Analyses et actualités sur la geopolitique - Proche et Moyen-Orient - israel - conflit israel palestine - renseignement - diplomatie - Lutte contrela désinformation
Michel Jonasz ou le rare talent
Par Gilles Raphel
pour aschkel.blog.com et lessakele.over-blog.fr
Il est rare Jonasz, chante le jazz encore sur les ondes, réapparaît parfois au détour d’un film intimiste, et réapparaît ici en toute timidité et simplicité sur la scène du Petit Montparnasse.
Il nous parvient dans la pénombre, celle des vestiaires où les juifs, les tziganes et tant d’autres se dévêtaient avant de passer « sous la douche ».
Jonasz interprète le rôle de son grand-père Abraham, Abraham raflé qui, sachant sa vie finie s’en remémore des instants d’amour, de tendresse, de drôlerie et d’humour.

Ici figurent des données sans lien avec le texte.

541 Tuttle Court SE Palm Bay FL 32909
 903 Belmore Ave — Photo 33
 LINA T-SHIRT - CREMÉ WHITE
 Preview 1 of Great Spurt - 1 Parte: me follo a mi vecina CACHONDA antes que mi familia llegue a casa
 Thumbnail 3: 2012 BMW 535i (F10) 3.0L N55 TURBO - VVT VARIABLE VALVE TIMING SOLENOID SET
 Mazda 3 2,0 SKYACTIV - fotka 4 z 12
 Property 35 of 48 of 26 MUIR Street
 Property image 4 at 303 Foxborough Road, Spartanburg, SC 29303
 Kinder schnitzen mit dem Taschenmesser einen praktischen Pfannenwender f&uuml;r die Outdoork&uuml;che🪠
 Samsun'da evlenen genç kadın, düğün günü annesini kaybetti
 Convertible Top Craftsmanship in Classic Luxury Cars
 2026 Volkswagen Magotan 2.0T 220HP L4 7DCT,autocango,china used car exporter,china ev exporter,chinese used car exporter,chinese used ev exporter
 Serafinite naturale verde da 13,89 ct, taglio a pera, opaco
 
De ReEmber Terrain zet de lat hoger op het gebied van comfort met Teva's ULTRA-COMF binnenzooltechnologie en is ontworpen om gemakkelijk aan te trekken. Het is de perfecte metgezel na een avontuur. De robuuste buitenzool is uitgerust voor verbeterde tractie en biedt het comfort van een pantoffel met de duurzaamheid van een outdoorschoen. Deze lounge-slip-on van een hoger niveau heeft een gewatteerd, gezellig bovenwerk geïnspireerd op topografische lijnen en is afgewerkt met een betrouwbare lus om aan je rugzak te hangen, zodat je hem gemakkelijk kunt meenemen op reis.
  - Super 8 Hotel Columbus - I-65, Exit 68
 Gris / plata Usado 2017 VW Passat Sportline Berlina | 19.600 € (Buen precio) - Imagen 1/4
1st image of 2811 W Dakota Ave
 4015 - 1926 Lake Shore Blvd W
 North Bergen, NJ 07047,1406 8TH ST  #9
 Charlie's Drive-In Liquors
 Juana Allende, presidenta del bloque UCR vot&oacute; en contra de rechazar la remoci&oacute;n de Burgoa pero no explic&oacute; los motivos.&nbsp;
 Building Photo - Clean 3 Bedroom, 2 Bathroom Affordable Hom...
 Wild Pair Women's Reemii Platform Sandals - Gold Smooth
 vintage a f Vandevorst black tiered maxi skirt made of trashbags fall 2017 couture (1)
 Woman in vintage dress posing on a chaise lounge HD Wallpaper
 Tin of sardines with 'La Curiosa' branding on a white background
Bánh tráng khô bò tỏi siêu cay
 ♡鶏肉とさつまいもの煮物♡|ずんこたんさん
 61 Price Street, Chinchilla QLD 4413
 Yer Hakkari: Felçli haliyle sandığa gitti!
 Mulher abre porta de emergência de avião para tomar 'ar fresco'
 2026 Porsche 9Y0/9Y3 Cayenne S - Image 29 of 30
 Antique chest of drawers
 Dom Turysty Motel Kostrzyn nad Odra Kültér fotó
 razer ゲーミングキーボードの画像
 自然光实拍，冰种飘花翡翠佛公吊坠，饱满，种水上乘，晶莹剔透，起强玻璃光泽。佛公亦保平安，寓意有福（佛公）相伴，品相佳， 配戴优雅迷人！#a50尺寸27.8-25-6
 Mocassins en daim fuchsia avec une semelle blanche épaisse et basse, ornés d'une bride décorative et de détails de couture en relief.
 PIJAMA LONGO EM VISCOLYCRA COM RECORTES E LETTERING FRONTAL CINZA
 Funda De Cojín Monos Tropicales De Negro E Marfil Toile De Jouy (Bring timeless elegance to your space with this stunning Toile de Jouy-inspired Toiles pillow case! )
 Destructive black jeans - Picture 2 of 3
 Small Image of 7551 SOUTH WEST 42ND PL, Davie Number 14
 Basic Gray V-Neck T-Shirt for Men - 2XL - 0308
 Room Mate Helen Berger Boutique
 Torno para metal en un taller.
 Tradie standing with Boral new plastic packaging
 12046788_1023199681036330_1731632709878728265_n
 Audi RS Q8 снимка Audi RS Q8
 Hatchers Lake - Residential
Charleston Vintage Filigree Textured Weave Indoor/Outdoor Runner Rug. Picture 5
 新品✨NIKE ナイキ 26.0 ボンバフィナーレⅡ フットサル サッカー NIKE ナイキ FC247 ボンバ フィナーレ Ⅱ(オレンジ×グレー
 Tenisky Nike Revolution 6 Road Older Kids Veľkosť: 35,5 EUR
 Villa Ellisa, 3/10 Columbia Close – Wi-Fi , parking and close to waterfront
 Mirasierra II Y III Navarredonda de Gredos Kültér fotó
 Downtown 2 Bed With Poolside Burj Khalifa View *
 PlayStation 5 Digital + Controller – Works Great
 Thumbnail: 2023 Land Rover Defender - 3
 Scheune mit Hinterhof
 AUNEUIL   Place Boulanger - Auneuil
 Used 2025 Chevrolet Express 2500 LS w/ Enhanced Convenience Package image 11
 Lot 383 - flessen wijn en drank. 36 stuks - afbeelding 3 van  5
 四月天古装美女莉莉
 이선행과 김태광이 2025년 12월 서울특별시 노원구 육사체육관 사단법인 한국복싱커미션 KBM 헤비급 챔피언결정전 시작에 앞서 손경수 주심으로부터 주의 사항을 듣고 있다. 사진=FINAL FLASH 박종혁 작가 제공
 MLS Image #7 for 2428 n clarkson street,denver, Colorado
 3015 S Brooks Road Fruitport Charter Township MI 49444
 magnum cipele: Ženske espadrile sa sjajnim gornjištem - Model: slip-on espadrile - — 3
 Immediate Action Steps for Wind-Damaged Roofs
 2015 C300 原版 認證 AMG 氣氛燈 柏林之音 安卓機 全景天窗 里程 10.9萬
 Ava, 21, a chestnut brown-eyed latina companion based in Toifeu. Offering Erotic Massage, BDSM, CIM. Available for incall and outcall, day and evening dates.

Abraham à 20 ans quitte la Pologne, le « pays le plus triste du monde », pour rejoindre la Hongrie et offrir à sa famille une vie meilleure, rattrapé par la folle histoire c’est dans un camp de Pologne que son existence se terminera.
Dans la pénombre, dans un noir et blanc devenu gris, dans le bruit des bottes et les aboiements des chiens, Abraham en appelle à D.ieu, il se désole de ce monde où « les vivants sont plus morts que les morts », il pleure les êtres qu’il aime et ose espérer « qu’il ne reste plus rien d’autre dans le ciel noir des cendres de nos morts qu’une étoile jaune ».
Ensuite, dans un second tableau, Abraham est sur un banc dans son petit village hongrois en compagnie de son ami Yankele. Là, dans la douce lumière hongroise et sous la musique tzigane, Jonasz nous présente seul les échanges entre un Abraham sage et un Yankele loufoque et décalé.
Abraham est épicier, mais « l’épicerie ne nourrissant pas son homme, il est aussi Cantor à la synagogue ». Quand Yankele, petit tailleur, demande un prêt à Abraham, ce dernier le rassure en lui annonçant qu’il est le porte-parole d’extra-terrestres géants qui vont lui commander des milliers de costumes. Après quoi, Yankele nous présente le poulet cacher comme un poulet ayant effectué sa bar mitzva. Les anecdotes de la vie se succèdent ainsi, dans le tendre bonheur et la presque insouciance du quotidien où Abraham aura immensément aimé sa Rose, généreusement élevé ses sept enfants, tenu son épicerie et été Cantor à la shulle du village.
Dans la vie réelle, Abraham et Rose ont permis à cinq de leurs enfants de venir poursuivre leurs études ou travailler en France, dont la maman de Michel. La famille d’Abraham a été décimée par la barbarie nazie, seule la mère de Michel et l’une de ses sœurs y ont échappé.
Quand Michel demandait à sa mère s’il chantait bien, elle lui répondait : « Oui, mon fils, tu chantes bien, mais pas aussi bien que ton grand-père Abraham ».
Au-delà de la sombre histoire, au-delà de l’hommage émouvant à son grand-père et à la musique tzigane, c’est un véritable appel à l’humanité que Jonasz nous lance, un appel où « aucune vie n'est plus importante qu'une autre. Chaque vie est sacrée. ».
Allez pleurer et rire, allez écouter Jonasz parler et chanter au Petit Montparnasse, 31 rue de la Gaîté Paris 14e du mardi au samedi à 21h, dimanche 17h30. Jusqu’au 25 octobre.